Applying to college during a pandemic?


Yonu Oh

College application season is always stressful, but the added changes with the pandemic make it a different experience than ever before.

No more 9 p.m. sunsets, daily ice cream runs, long beach drives, and hazardous TikTok drafts—summer is out, and fall semester is in, meaning that, for our seniors, it’s time for college applications. University, college, la fac, la universidad, or “scary planet of impending doom,” is considered by many of paramount importance to achieving success and happiness in life, and so, 3.7 million Americans (excluding foreign seniors) compete in a rigorous race towards the college of their choice. As you can see, applying to college is not an easy task. As if college applications weren’t already difficult enough, the unleashing of a brutal pandemic shattered all means of normalcy from human life, including the college application process. Nevertheless, our seniors, as resilient as they are, have found a way to accommodate this change. In the pleated blue skirts of three Castilleja seniors, we take a sneak-peek into the strange world of the Class of 2021’s college admission process and their journey to their future.
Though there are multiple ways to apply to college, the two most popular ones (as well as the most conventional) at Castilleja are through the “typical” admissions process—writing essays, doing interviews, and submitting test scores—and athletic recruitment, a process that sometimes even begins in late sophomore year.
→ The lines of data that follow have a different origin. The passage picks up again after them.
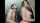 fuck boobs nude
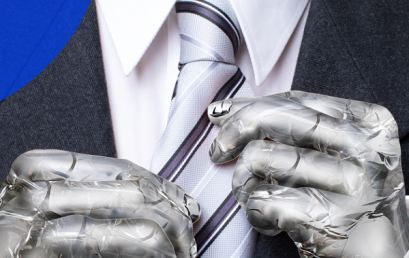 TreviPay launches AI-powered Growth Center to help enterprises predict buyer behavior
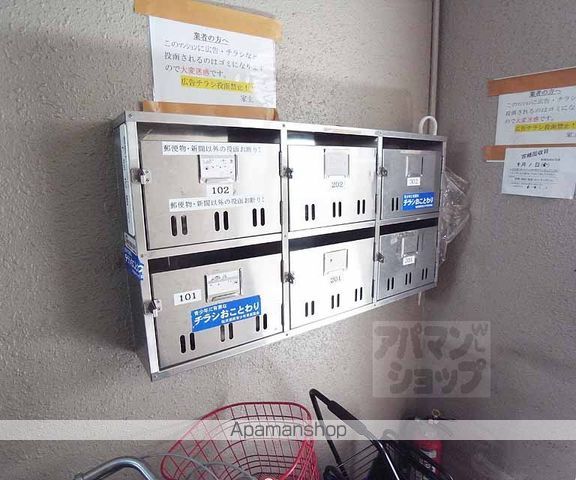 銀座ソレイユのその他写真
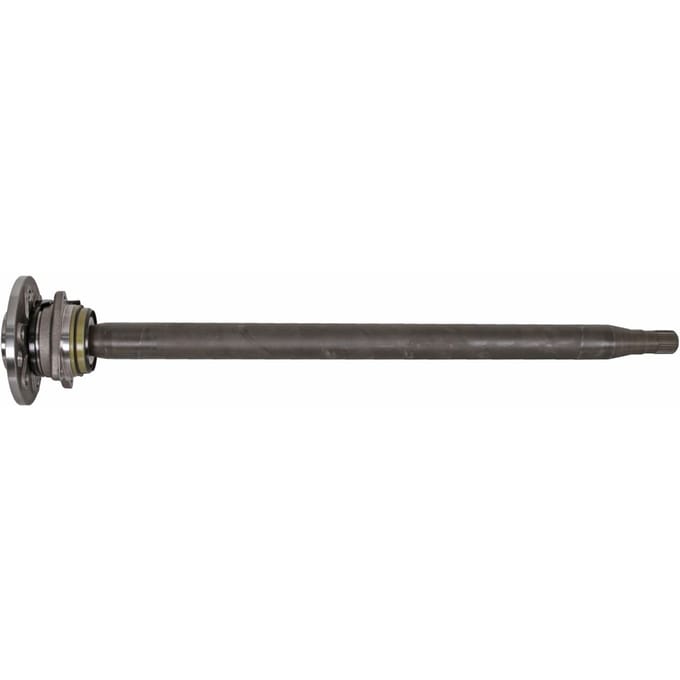 Rondselas BTA H2M026BTA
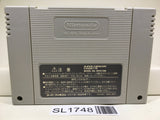 Super Donkey Kong Country 2 Nintendo Super Famicom SNES Japan - SL1748 - Photo 2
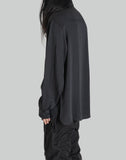 ZIP SHIRT (ARCHIVE)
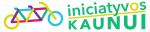 Logo iniciatyvos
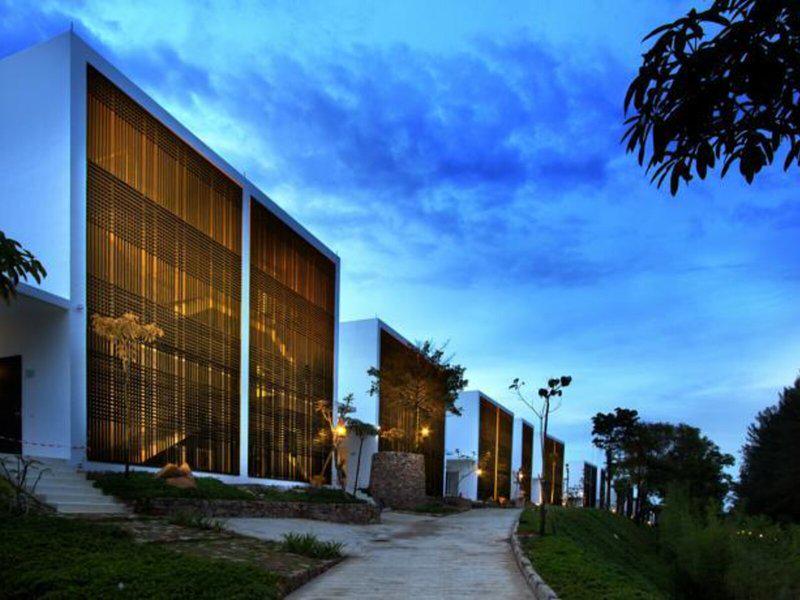 3914D83B38858D5276471824B15A20FA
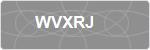 WVXRJ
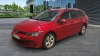 Volkswagen Golf Life 2.0 TDI 85kW (115CV) Variant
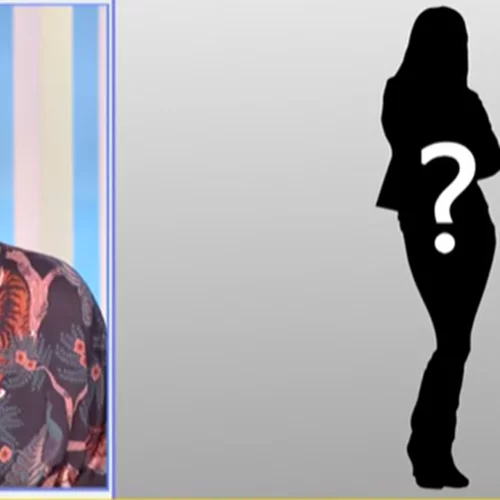 Απαράδεκτο περιστατικό σε τηλεοπτικό γύρισμα | Γνωστή Ελληνίδα ηθοποιός χτύπησε την κομμώτριά της (βίντεο)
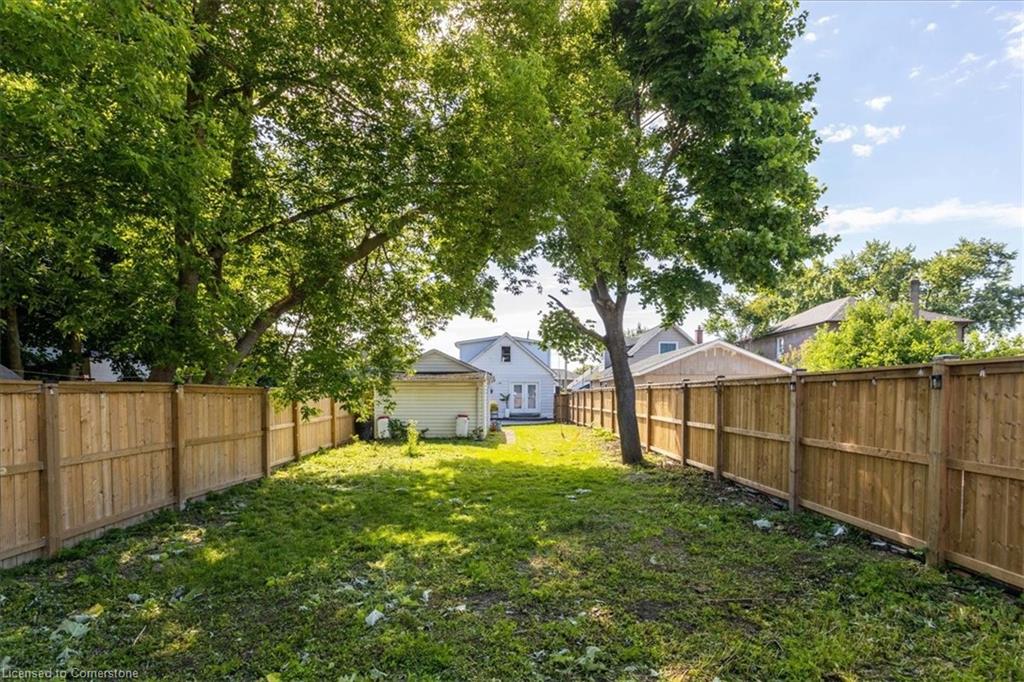 91 Page Street Property Photo 17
For interviewee discretion, our three seniors will be referred to as Senior 1, Senior 2, and Senior 3 (typical, typical, and athlete, respectively).
Regular Admission
Putting aside our previous knowledge about the college admissions process from “How I Got into College!” YouTube videos, the application process has more to it than what they say. As the leaders of our high school, our seniors have a lot on their plate, stretching from managing personal affairs, running major clubs, and, of course, applying to college. As Senior 1 puts it, the first two months of senior year were “the hardest two months I’ve spent at Castilleja,” much to the credit of the COVID-19 pandemic. Its entrance has prompted a series of alterations in the college admissions process, starting with standardized testing. In the early months of the coronavirus pandemic, multiple schools, such as Brown University, Cornell University, Duke University, and more, made the decision to change their policy to test-optional since test dates were being continuously canceled and delayed.
Despite this huge shift, our seniors have found light amidst the darkness. Because college tours have been canceled everywhere, virtual conferences have replaced in-person tours, and more online resources have been added on college websites for applicants’ convenience. Senior 2 exclaims, “with the virtual info sessions and virtual tours, I’ve been able to look at a wider range of schools than I think that I would have been able to [if not for the pandemic].” Moreover, Senior 1 says that, because she cannot physically visit the colleges of her choice, she has had to think more rationally in terms of selecting which colleges she prioritizes in applying. All in all, the college admissions process is still challenging; however, as both seniors have put it, “It’s not about whether you’re good enough for that college—it’s about whether that college is good enough for you.”
Athletic Recruitment
“The end of sophomore year was when I started to really think about [getting recruited],” said a Castilleja athlete. “In the beginning, it was really just emailing coaches, setting up phone calls, and creating YouTube videos of my dives, and that was a long process!” In addition to her rigorous athletic training, Senior 3 underwent four to five pre-reads—a system where colleges can review the applicant’s academic performance, such as SAT scores, transcripts, and classes in order to see if the applicant is a strong enough match for the school. After years of preparation, “this past August was when I verbally committed to UPenn,” said the recruited athlete. “However—it depends on the league of your college—but for me, I still had to get in academically, meaning that I did have to write my essays and submit my SAT scores,” she notes. “I applied for Early Decision and received a likely letter, but in order to stay recruited, I have to keep up with my grades and not get arrested!”
As smooth as a transition this process may sound, Senior 3’s recruitment journey was frustrating at moments: “The first was when the NCAA issued a dead period, which means that there can be no face-to-face contact between the recruiter and the athlete, so I’ve never met my new coach or any coach for that matter!” she exclaims. “One of the most important things in the recruiting process is towards the end when you’re narrowing down which schools you want to go to and when the coaches are doing the same. The schools invite you on official visits that they pay for you to fly out and to come to visit their school.” Senior 3 further elaborates on the significance of these trips which serve as the ultimate guides to finding the “best school for you.” But because of the pandemic, Senior 3’s trips were continuously postponed month after month, a “real bummer,” as she puts it. Despite the lack of connection with her coaches and permanence of her schedule compared to that of her original plans, our recruited senior prevailed to complete her long-awaited journey.
Final Thoughts
As a parting note, our three seniors left some valuable tips for their fellow underclassmen: “Take your time with your four years because not everything is important as it feels. Trust the process,” says Senior 2. Senior 1 says, “The best college application is by the people who are able to really express themselves most authentically and show who they are because that’s what makes you unique.” As for our athletes-in-training, Senior 3 recommends to “be organized. Stay on top of things, but take one step at a time. It’s going to be stressful at times, but in the long run, you won’t regret it.”